Our patient, an elderly Malay lady falls within the typical age group for neovascular age related macular degeneration (ARMD). However, unilateral presentation and lack of drusens in both eyes alerted us regarding an alternative diagnosis. On fundus examination, PCV can present with subretinal fluid and subretinal hemorrhage or hemorrhagic pigment epithelial detachment (PED) which is similar to neovascular AMD. The classical orange-red nodules are often missed due to the surrounding exudation. In this patient, there was a yellowish submacular nodular elevation mimicking a pigment epithelial detachment (PED).

PCV patients may have no visual symptoms when there is no leakage from the polypoidal lesions. Acute visual loss is commonly due to spontaneous rupture of the polypoidal lesions, leading to submacular hemorrhage causing scotoma or breakthrough vitreous hemorrhage. Patients may also present with progressive visual loss with metamorphopsia due to accumulation of subretinal fluid and exudates around the polypoidal lesion. The natural course of PCV can vary among patients and it has been stipulated that in 50% of patients spontaneous regression of polyps can occur without treatment [5].

Spectral domain optical coherence tomography is sensitive and specific in distinguishing PCV from neovascular AMD. The presence of at least two out three signs in OCT (pigment epithelium detachment, double-layer sign, and thumb-like polyps) indicates a positive test with the sensitivity of 87.5% [6]. Indocyanine green angiography (ICGA) is useful in identifying branching choroidal vascular network and polyps projection from the internal choroid.
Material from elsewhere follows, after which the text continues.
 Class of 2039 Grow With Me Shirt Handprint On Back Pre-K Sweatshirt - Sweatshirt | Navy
These structures manifest as early vascular hypercyanescence in ICGA. It is difficult to identify the polyps on the fundus fluorescein angiography (FFA), as they are located beneath the RPE. However on ICGA, the polyps are clearly visible as single or multiple vascular aneurysms with a diameter of 100-500 mm. They will fill after a short delay and remain hyperfluorescent until the late phases. Recent guidelines for the clinical diagnosis and treatment of IPCV identified ICGA as the gold standard for the diagnosis. It is agreed that ICGA should be performed when routine ophthalmoscopic examination indicates a serosanguineous maculopathy with one of the following features: Red-orange subretinal nodules visible with the ophthalmoscope; Spontaneous massive subretinal hemorrhage; Notched or hemorrhagic PED; Occlusion of polyps with low response rate to anti-VEGF therapy [6].
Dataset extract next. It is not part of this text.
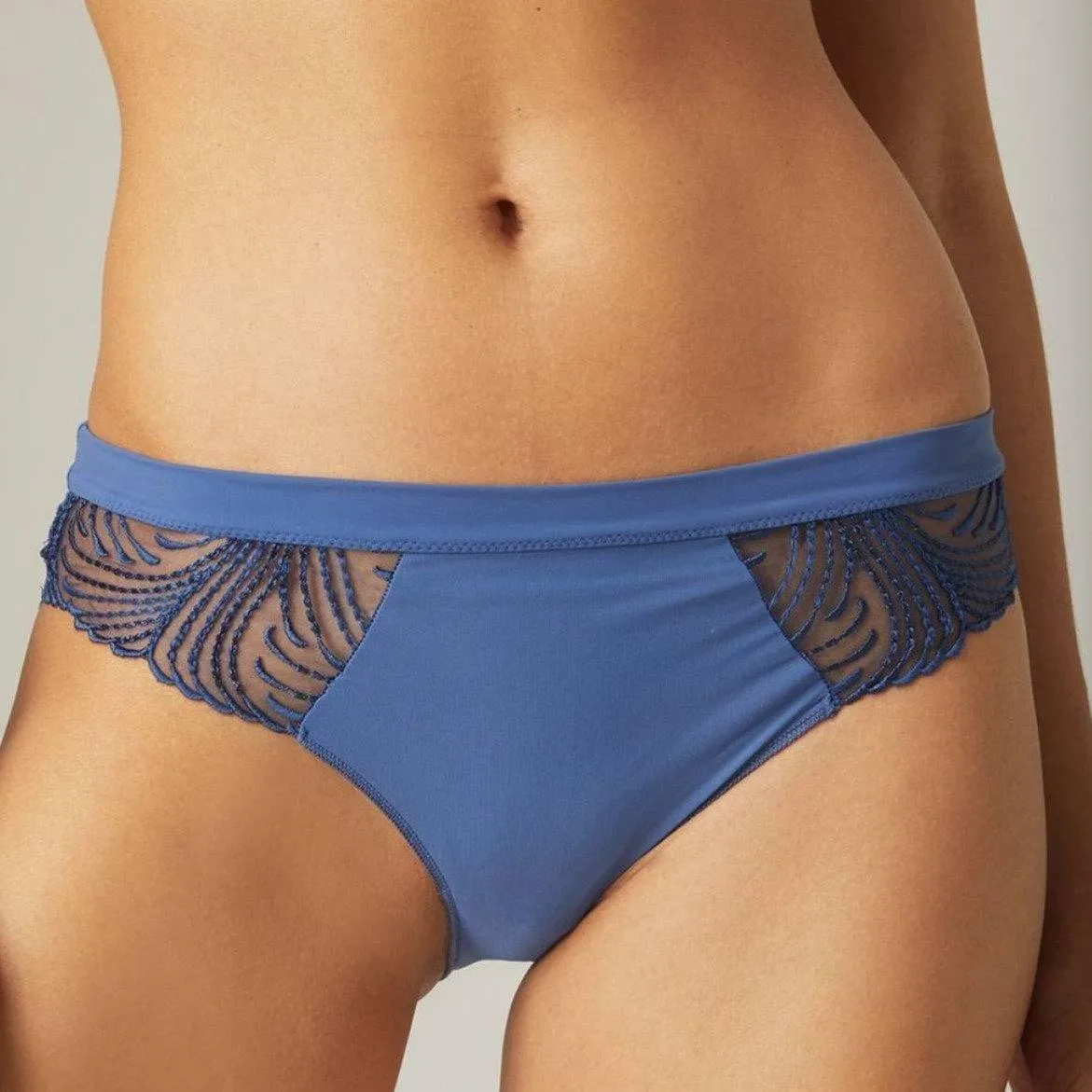 Simone Perele Nuance Thong in Denim Blue 12N700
PDT and anti-VEGF are the treatment options for PCV. PDT has been proven to stabilize the vision of PCV patients while anti-VEGF has been found to be effective in reducing the fluid from PCV lesions. The aim of PCV treatment is to achieve complete regression of polyps as the presence of polyps significantly increases the possibility of recurrent bleeding and collection of subretinal fluid [6]. Hence, PDT is desirable treatment in these patients although its potential side effects can include retinal pigment epithelial (RPE) rips, sub retinal haemorrhage, scarring or atrophy which can lead to long term visual impairment [7]. In the above case, the final visual outcome was not optimal due to the presence of subfoveal scarring.

In the EVEREST study, PDT alone or combined with ranibizumab was proven to be superior to ranibizumab monotherapy in achieving complete regression of polyp [8]. Anti VEGF injection can be useful in treating the eyes with complete regression of polyps in indocyanine green angiography, but with persistent leakage on fluorescein angiography.
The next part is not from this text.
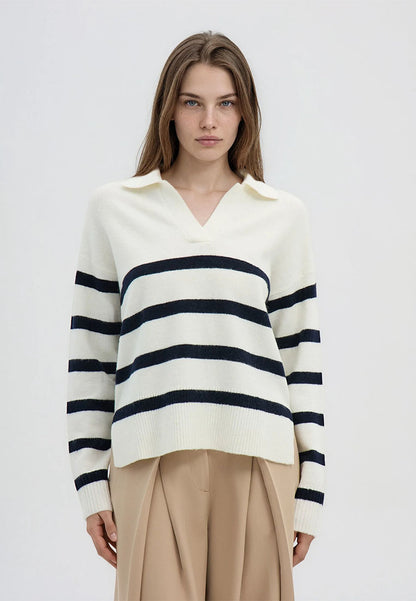 Women's Striped polo collar sweater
Globally, the incidence of PCV is increasing as the awareness is raised about the diagnosis and treatment of this disease. It is less frequently identified in centers without ICGA and where there is lack of access to PDT. The treatment of PCV is complex and differs from that of neovascular AMD algorithms. Superior anatomic and visual outcomes can be achieved with PDT alone or in combination with anti-VEGF agents. Treatment plan need to be tailored individually according to the location of polyps, degree of leakage and the regression of the polyp.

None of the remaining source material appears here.